/MTL-Speaker-Embeddings

Code for the paper: "Leveraging speaker attribute information using multi task learning for speaker verification and diarization" presented at Interspeech 2021

Primary LanguagePythonMIT LicenseMIT

Multi Task Learning Speaker Embeddings

Code for the paper: "Leveraging speaker attribute information using multi task learning for speaker verification and diarization"

The overall concept of this paper is that training speaker embedding extractors on auxiliary attributes (such as age or nationality) alongside speaker classification can lead to increased performance for verification and diarization. Training the embeddings in this multi-task fashion can improve the descriptiveness of the embedding space.

This is implemented by having multiple task-specific "heads" acting on the embeddings, such as x-vectors. Alongside speaker classification, one might employ age classification/regression, or nationality classification. A general diagram for this can be seen below:

Along with experimental code, this repository covers other data preparation tasks used in the paper, such as webscraping age information for lawyers in SCOTUS, and nationality for Wikipedia celebrities.

Contents

  • Requirements
  • SCOTUS Data Preparation
  • VoxCeleb Data Preparation
  • Experiments

Requirements

This was tested on python 3.6.8

  • General requirements:
    • numpy
    • tqdm
    • sklearn
    • scipy
  • Web-scraping:
    • beautifulsoup4
    • wikipedia
    • wptools
    • Levenshtein
    • python-dateutil
  • Experiments:
    • Kaldi
    • torch
    • kaldi_io

You will also need access to the avvo.com API, along with a custom google search API key, with instructions of how to obtain/set these up in the SCOTUS Data Preparation section.

SCOTUS Data Preparation

Obtaining case information

This work utilizes the information available via the Oyez project, which provides audio files and transcriptions for US Supreme Court oral arguments.

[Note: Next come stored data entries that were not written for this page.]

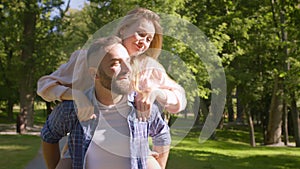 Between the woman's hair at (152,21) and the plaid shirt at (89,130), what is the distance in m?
0.27

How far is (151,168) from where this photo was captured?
1.92m

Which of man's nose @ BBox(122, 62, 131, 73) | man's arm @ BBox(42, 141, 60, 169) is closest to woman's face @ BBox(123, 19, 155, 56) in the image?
man's nose @ BBox(122, 62, 131, 73)

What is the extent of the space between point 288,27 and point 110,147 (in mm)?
9961

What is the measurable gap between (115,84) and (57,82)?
1.29 ft

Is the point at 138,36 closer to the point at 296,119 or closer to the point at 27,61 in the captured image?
the point at 296,119

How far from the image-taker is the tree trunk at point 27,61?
18.7 m

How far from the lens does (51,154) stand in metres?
2.11

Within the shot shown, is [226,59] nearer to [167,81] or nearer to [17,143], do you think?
[17,143]

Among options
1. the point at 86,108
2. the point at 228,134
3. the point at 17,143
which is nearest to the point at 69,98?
the point at 86,108

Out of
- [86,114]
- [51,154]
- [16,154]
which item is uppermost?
[86,114]

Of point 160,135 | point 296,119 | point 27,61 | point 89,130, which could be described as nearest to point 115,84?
point 89,130

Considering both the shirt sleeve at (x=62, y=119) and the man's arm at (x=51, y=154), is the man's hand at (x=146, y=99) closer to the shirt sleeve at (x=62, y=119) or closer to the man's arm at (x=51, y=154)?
the shirt sleeve at (x=62, y=119)

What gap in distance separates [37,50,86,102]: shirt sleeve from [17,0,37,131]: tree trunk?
17.0m

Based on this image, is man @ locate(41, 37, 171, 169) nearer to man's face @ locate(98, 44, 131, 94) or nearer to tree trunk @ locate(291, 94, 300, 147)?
man's face @ locate(98, 44, 131, 94) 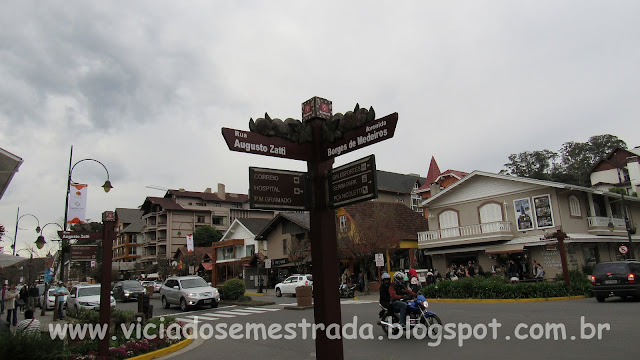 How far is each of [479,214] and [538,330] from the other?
2192cm

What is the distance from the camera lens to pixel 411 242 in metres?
38.5

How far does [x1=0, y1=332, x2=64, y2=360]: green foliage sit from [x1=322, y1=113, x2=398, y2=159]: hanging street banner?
5.66 m

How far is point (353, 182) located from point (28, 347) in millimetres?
6165

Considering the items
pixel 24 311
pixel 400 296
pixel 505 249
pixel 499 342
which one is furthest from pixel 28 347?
pixel 505 249

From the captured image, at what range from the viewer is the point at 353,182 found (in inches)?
208

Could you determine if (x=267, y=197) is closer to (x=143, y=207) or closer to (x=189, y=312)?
(x=189, y=312)

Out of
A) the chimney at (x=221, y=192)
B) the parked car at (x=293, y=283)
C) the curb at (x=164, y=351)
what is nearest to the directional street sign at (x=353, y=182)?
the curb at (x=164, y=351)

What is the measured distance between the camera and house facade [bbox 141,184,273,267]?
77.8 metres

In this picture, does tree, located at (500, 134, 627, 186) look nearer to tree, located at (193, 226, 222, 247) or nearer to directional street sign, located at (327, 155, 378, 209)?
tree, located at (193, 226, 222, 247)

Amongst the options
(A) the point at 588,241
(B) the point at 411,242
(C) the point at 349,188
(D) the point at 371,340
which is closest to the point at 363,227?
(B) the point at 411,242

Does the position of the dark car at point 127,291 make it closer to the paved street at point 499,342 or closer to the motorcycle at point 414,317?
the paved street at point 499,342

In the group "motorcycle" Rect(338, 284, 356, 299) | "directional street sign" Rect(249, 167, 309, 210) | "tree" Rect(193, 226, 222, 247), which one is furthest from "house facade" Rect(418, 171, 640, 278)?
"tree" Rect(193, 226, 222, 247)

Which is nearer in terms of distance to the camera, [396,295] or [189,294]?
[396,295]

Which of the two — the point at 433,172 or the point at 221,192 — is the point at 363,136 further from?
the point at 221,192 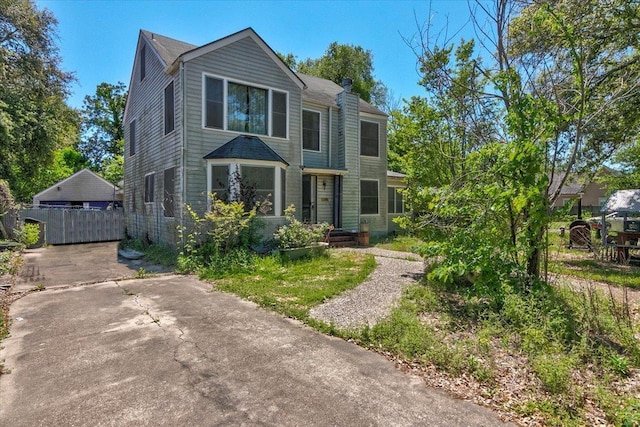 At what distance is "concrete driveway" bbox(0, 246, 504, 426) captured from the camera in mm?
2656

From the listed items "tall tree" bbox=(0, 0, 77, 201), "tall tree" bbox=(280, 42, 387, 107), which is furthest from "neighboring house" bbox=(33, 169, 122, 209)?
"tall tree" bbox=(280, 42, 387, 107)

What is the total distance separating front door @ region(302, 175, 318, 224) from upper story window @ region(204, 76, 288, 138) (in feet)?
7.45

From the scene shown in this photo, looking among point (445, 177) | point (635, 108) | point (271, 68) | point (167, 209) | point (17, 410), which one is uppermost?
point (271, 68)

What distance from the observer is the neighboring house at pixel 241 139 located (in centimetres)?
970

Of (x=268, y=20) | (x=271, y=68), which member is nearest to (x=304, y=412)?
(x=271, y=68)

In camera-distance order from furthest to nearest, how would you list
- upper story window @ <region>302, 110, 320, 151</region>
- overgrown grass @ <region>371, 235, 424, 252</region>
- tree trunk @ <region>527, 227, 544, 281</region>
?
upper story window @ <region>302, 110, 320, 151</region> < overgrown grass @ <region>371, 235, 424, 252</region> < tree trunk @ <region>527, 227, 544, 281</region>

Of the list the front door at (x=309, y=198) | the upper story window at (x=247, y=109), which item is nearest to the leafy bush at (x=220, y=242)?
the upper story window at (x=247, y=109)

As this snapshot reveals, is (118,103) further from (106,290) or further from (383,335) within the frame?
(383,335)

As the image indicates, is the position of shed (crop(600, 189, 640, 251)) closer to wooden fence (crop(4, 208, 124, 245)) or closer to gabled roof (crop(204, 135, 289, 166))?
gabled roof (crop(204, 135, 289, 166))

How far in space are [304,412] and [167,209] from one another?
365 inches

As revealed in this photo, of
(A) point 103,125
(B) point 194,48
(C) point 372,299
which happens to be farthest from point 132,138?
(A) point 103,125

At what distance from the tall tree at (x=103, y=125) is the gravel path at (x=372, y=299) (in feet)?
123

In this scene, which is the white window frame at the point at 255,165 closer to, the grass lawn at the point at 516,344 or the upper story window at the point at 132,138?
the grass lawn at the point at 516,344

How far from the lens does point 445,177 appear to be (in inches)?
274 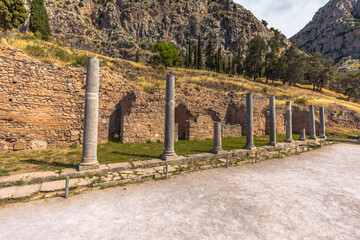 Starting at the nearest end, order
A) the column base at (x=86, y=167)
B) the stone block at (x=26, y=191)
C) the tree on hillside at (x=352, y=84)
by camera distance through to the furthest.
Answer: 1. the stone block at (x=26, y=191)
2. the column base at (x=86, y=167)
3. the tree on hillside at (x=352, y=84)

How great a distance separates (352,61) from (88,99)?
132m

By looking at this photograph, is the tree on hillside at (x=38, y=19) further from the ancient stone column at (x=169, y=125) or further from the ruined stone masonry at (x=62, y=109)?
the ancient stone column at (x=169, y=125)

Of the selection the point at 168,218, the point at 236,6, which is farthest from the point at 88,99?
the point at 236,6

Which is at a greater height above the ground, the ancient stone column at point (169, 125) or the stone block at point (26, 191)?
the ancient stone column at point (169, 125)

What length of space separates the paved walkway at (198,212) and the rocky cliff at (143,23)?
64.3 m

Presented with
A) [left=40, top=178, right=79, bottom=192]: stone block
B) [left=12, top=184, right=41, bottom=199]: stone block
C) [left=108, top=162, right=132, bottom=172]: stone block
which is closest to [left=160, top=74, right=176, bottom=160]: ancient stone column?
[left=108, top=162, right=132, bottom=172]: stone block

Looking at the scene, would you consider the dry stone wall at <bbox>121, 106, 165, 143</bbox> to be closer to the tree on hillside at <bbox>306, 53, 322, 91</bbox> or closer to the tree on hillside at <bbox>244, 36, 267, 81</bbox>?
the tree on hillside at <bbox>244, 36, 267, 81</bbox>

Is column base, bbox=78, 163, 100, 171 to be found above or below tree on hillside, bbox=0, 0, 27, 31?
below

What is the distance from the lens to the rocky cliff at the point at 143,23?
61.5 meters

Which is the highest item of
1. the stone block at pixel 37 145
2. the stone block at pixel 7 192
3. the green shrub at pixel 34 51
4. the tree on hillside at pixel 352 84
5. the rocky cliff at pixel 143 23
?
the rocky cliff at pixel 143 23

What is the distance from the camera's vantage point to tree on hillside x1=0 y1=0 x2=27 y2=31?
23737mm

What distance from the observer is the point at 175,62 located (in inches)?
2393

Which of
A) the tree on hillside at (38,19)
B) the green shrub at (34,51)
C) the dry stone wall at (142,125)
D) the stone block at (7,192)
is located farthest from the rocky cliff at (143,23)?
the stone block at (7,192)

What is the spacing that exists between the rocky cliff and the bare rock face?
69.1 ft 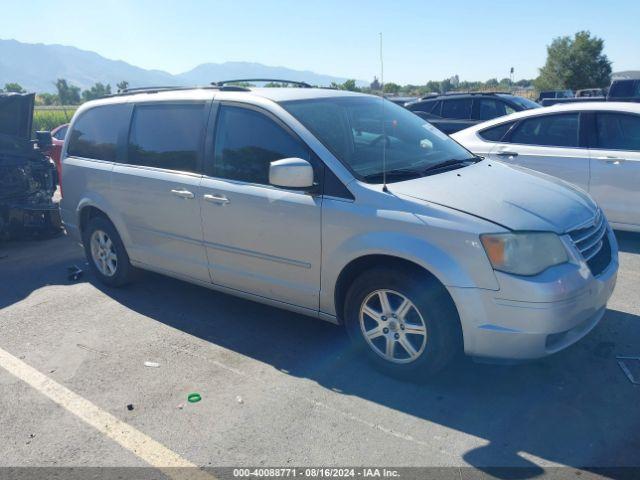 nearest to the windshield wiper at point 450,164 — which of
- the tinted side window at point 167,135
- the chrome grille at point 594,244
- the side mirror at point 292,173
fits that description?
the side mirror at point 292,173

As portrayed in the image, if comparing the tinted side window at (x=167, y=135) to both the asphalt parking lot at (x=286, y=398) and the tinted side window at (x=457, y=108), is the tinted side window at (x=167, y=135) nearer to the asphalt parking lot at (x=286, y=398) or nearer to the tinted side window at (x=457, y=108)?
the asphalt parking lot at (x=286, y=398)

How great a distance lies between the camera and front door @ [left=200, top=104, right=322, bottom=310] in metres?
3.82

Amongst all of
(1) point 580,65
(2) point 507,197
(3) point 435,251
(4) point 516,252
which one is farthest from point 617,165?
(1) point 580,65

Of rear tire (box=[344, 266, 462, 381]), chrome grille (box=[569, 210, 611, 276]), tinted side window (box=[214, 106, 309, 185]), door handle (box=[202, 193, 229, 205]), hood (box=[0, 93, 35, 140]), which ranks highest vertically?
hood (box=[0, 93, 35, 140])

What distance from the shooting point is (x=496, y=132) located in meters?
7.11

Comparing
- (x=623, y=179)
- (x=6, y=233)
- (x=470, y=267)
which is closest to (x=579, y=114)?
(x=623, y=179)

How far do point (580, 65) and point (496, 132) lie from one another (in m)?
50.6

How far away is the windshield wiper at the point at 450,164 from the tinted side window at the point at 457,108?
24.6 feet

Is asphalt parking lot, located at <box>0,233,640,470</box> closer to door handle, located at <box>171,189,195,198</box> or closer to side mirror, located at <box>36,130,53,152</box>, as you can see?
door handle, located at <box>171,189,195,198</box>

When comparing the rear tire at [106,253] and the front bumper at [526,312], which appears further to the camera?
the rear tire at [106,253]

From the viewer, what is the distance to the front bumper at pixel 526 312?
308 centimetres

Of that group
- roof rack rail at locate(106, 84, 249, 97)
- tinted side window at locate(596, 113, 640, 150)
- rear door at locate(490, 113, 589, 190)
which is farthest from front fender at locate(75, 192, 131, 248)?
tinted side window at locate(596, 113, 640, 150)

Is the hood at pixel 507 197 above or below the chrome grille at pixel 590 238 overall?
above

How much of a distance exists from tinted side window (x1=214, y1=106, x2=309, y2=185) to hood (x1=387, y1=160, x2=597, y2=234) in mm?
872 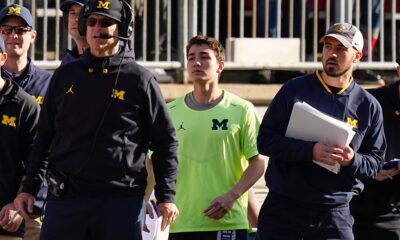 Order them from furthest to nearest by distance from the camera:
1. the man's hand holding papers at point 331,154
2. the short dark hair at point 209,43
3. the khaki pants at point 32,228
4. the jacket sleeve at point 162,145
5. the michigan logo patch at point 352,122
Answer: the short dark hair at point 209,43
the khaki pants at point 32,228
the michigan logo patch at point 352,122
the man's hand holding papers at point 331,154
the jacket sleeve at point 162,145

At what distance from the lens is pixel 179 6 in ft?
41.3

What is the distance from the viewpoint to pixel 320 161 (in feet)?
25.5

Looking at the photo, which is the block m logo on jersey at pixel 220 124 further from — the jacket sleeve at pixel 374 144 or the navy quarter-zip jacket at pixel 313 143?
the jacket sleeve at pixel 374 144

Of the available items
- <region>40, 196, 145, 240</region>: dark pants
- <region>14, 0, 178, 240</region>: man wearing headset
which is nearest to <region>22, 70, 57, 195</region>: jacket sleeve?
<region>14, 0, 178, 240</region>: man wearing headset

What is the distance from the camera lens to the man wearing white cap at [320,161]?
796 centimetres

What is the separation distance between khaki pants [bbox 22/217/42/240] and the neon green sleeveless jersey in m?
0.90

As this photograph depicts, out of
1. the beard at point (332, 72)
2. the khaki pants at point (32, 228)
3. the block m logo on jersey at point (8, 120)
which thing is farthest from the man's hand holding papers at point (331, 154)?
the khaki pants at point (32, 228)

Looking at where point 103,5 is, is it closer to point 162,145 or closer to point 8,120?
point 162,145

The Oyez project has an API, an example of which can be seen here: https://api.oyez.org/cases?per_page=100

Thankfully, another GitHub repo exists which has already scraped the information provided by the API for each case and auto-updates every week: https://github.com/walkerdb/supreme_court_transcripts. This ~3.5GB repo will be used to extract the cases that we want audio and transcripts for.

The following command will clone this repo (specifically my fork, which doesn't update with new cases, to ensure consistency with the number of cases that I have tested my code with):

git clone https://github.com/cvqluu/supreme_court_transcripts

The location of this repository which contains the case information will be referred to $SCOTUS_CASE_REPO throughout the rest of the SCOTUS section. Of course, if you want to obtain the most up to date recordings, then you should clone the original repo by walkerdb.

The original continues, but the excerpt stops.